— WHAT THIS TASK INVOLVES —
Once the pictures are set aside, copy the data below exactly as it stands.

DATA TO EXAMINE below:

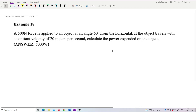A 500 Newton force is applied to an object at an angle of 60 degrees from the horizontal. The object travels with a constant velocity of 20 meters per second. Calculate the power expended on the object.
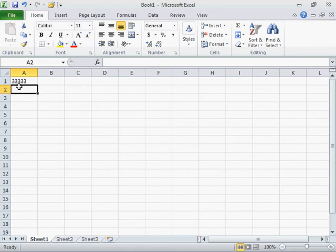This is the process to repeat a character in a cell. Select the script and click the link.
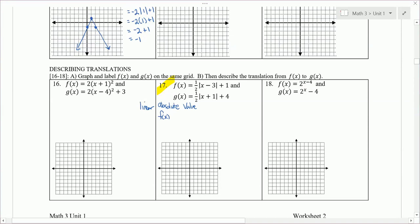X minus 3 tells us to move to the right 3, and plus 1 tells us to move up 1 from the parent graph point. The parent graph point of absolute value is at (0, 0). From (0, 0), move right 3, up 1 — that's the vertex of our V.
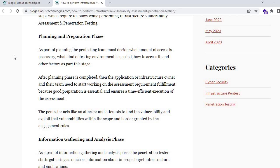You need to ask the client to provide a list of user roles present in the application, and according to those roles you need to provide credentials while performing the pen test. This ensures all roles and functionalities of the application are covered. Regarding the testing environment, if the client says they will only provide production access, that is very difficult because in a production environment you cannot perform malicious operations, add SQL injection scripts, or insert payloads without risking impact to real users and the company's reputation.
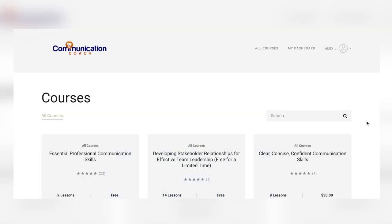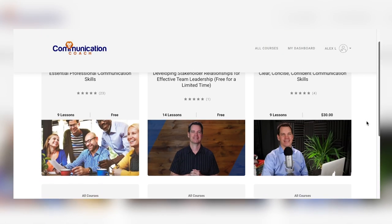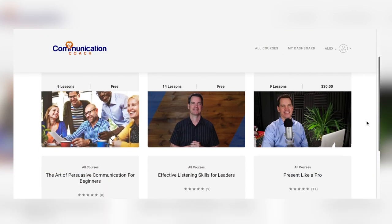Be sure to check out any of my online classes at the Communication Coach Academy. I'll put a link to that in the description below.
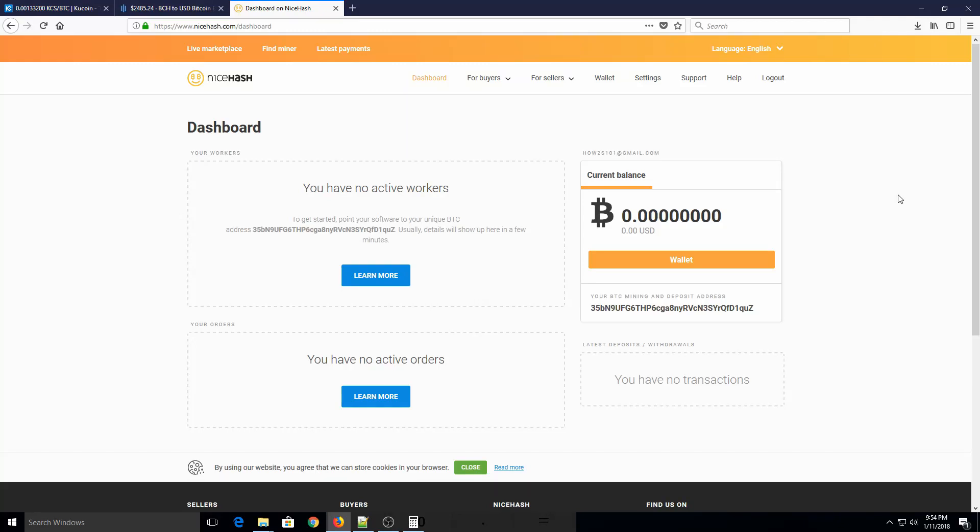Today I'm going to show you how to mine for bitcoins using the video card in your computer. This is using a kind of non-traditional method compared to a few years ago, but it's definitely the most profitable way to mine for bitcoins, especially if you don't have an ASIC miner or something like that.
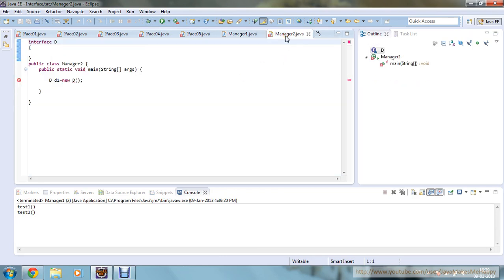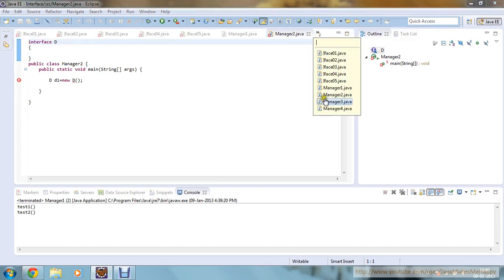Moving to the next program, here also I have given one example that you can't create an object of your interface. I'm not extending interface D in my class Manager2. You can't create an object of your interface directly. If you are declaring a class which is implementing your interface, then you can create an object of that class and through that you can access the methods or attributes. But you can't directly define any object of your interface.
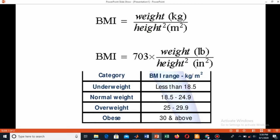When you are using the British system, you have to multiply by the factor 703. This comes from when you convert one kg to pound, that is 2.20 pound approximately. And in height, one meter is approximately equal to 39 inches.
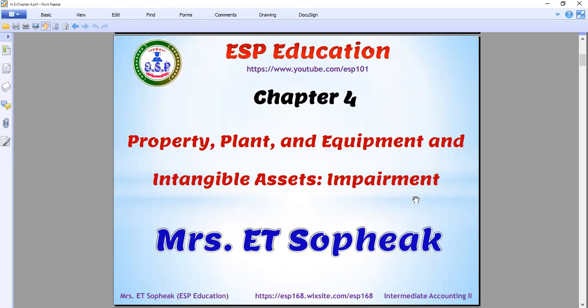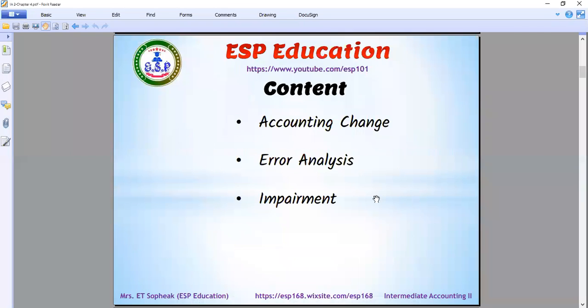Today we are concerned about the 2 to 4 of the organization. The big error analysis is the 5th of the impairment.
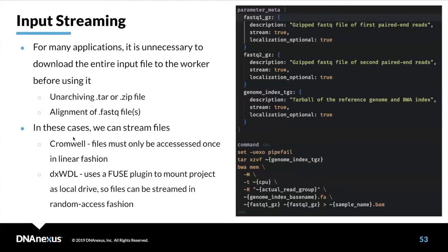Cromwell and DXWhittle actually do streaming a little differently. In Cromwell, files may only be accessed once in a linear fashion. Whereas on DNA Nexus, we wrote a FUSE plugin — a fake file system — that makes a DNA Nexus project look like just another mount point on the Linux system. This manages the actual streaming of data from your DNA Nexus project under the hood, enabling you to access the file in any manner, even random access. So streaming is a bit less limited on DNA Nexus versus Cromwell. In fact, in the DXWhittle options you can tell it to just stream all files by default, which is safe to do with this FUSE-based streaming system.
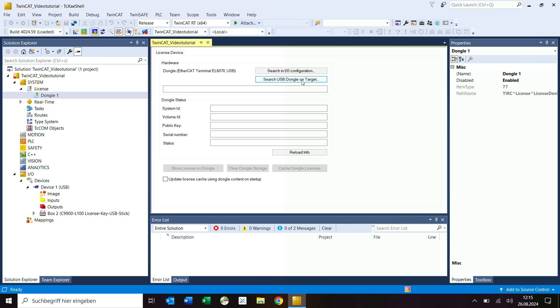If in doubt, always use the search in IO configuration button. This is the standard method. The USB dongle is stored in the configuration of the project.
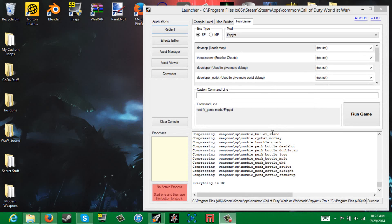Hello everybody, my name is Tanner and welcome back to Zombie Unity. Today I'm going to be continuing the custom map series in which I teach you guys how to create a custom zombies map for World at War on the PC. Today we're just going to be going over compiling and playing your map after you've built everything that I showed you in the past couple episodes.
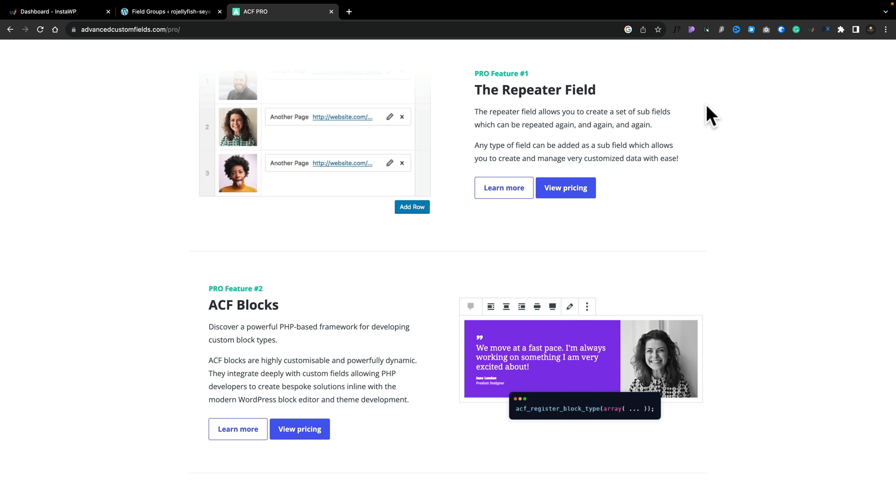Now ACF Pro brings with it a range of additional field types that we have over the free version. We're going to be checking out how to get started using the repeater field in this video.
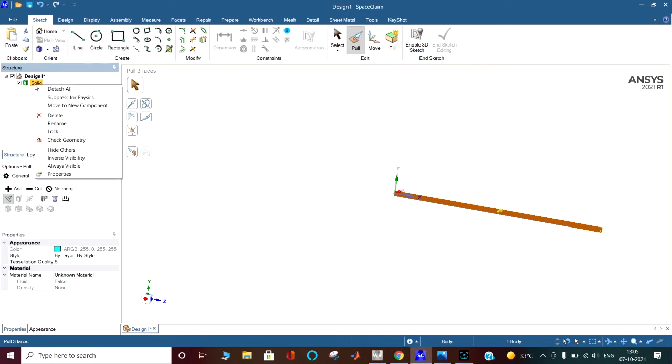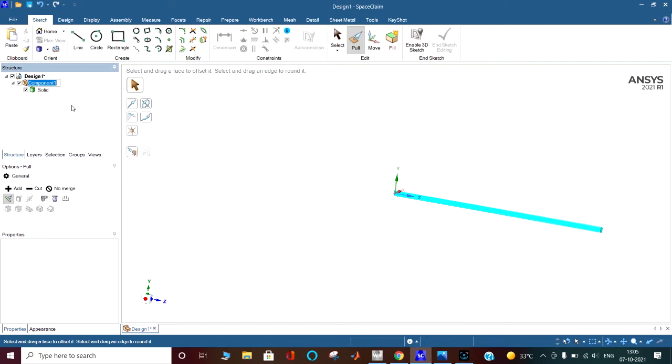Now in the solid, on the left-hand side in the structure tree, we are going to move to a new component. We are giving the name 'small shaft'.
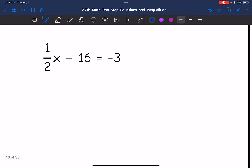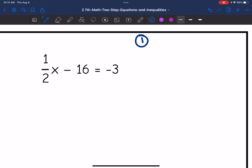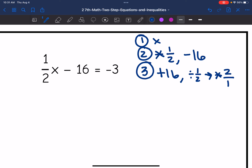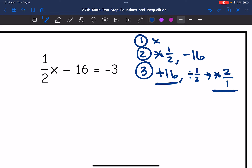Number 2: I have 1.5x minus 16 equals negative 3. What am I solving for? x. What is happening to x? It's being multiplied by 1.5, and then we're subtracting 16 from it. The inverse of that is to add 16, and then the opposite of multiplying by 1.5 is dividing by 1.5. To divide by a fraction, we multiply by its reciprocal — 2 over 1. So our first step is to add 16, and then the last step is to multiply by the reciprocal, which is 2 over 1.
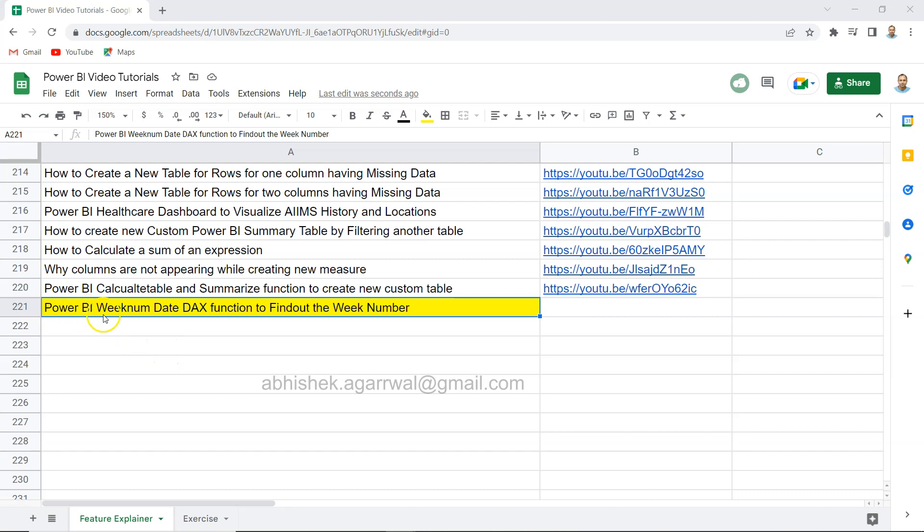Hello and welcome to the Power BI WEEKNUM date function which helps us find out the week number. So if you are interested in knowing what week number your date is referring to, or let's say you want to do some calculations that is based on the week number but you don't have the week number in your dataset, then in this video I want to show you two things.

End of DATA TO EXAMINE.

— ANSWER BELOW —
A 500 Newton force is applied to an object at an angle of 60 degrees from the horizontal. The object travels with a constant velocity of 20 meters per second. Calculate the power expended on the object.
This is the process to repeat a character in a cell. Select the script and click the link.
X minus 3 tells us to move to the right 3, and plus 1 tells us to move up 1 from the parent graph point. The parent graph point of absolute value is at (0, 0). From (0, 0), move right 3, up 1 — that's the vertex of our V.
You need to ask the client to provide a list of user roles present in the application, and according to those roles you need to provide credentials while performing the pen test. This ensures all roles and functionalities of the application are covered. Regarding the testing environment, if the client says they will only provide production access, that is very difficult because in a production environment you cannot perform malicious operations, add SQL injection scripts, or insert payloads without risking impact to real users and the company's reputation.
Be sure to check out any of my online classes at the Communication Coach Academy. I'll put a link to that in the description below.
Today I'm going to show you how to mine for bitcoins using the video card in your computer. This is using a kind of non-traditional method compared to a few years ago, but it's definitely the most profitable way to mine for bitcoins, especially if you don't have an ASIC miner or something like that.
Moving to the next program, here also I have given one example that you can't create an object of your interface. I'm not extending interface D in my class Manager2. You can't create an object of your interface directly. If you are declaring a class which is implementing your interface, then you can create an object of that class and through that you can access the methods or attributes. But you can't directly define any object of your interface.
When you are using the British system, you have to multiply by the factor 703. This comes from when you convert one kg to pound, that is 2.20 pound approximately. And in height, one meter is approximately equal to 39 inches.
Today we are concerned about the 2 to 4 of the organization. The big error analysis is the 5th of the impairment.
Cromwell and DXWhittle actually do streaming a little differently. In Cromwell, files may only be accessed once in a linear fashion. Whereas on DNA Nexus, we wrote a FUSE plugin — a fake file system — that makes a DNA Nexus project look like just another mount point on the Linux system. This manages the actual streaming of data from your DNA Nexus project under the hood, enabling you to access the file in any manner, even random access. So streaming is a bit less limited on DNA Nexus versus Cromwell. In fact, in the DXWhittle options you can tell it to just stream all files by default, which is safe to do with this FUSE-based streaming system.
If in doubt, always use the search in IO configuration button. This is the standard method. The USB dongle is stored in the configuration of the project.
Hello everybody, my name is Tanner and welcome back to Zombie Unity. Today I'm going to be continuing the custom map series in which I teach you guys how to create a custom zombies map for World at War on the PC. Today we're just going to be going over compiling and playing your map after you've built everything that I showed you in the past couple episodes.
Now ACF Pro brings with it a range of additional field types that we have over the free version. We're going to be checking out how to get started using the repeater field in this video.
Now in the solid, on the left-hand side in the structure tree, we are going to move to a new component. We are giving the name 'small shaft'.
Number 2: I have 1.5x minus 16 equals negative 3. What am I solving for? x. What is happening to x? It's being multiplied by 1.5, and then we're subtracting 16 from it. The inverse of that is to add 16, and then the opposite of multiplying by 1.5 is dividing by 1.5. To divide by a fraction, we multiply by its reciprocal — 2 over 1. So our first step is to add 16, and then the last step is to multiply by the reciprocal, which is 2 over 1.
Hello and welcome to the Power BI WEEKNUM date function which helps us find out the week number. So if you are interested in knowing what week number your date is referring to, or let's say you want to do some calculations that is based on the week number but you don't have the week number in your dataset, then in this video I want to show you two things.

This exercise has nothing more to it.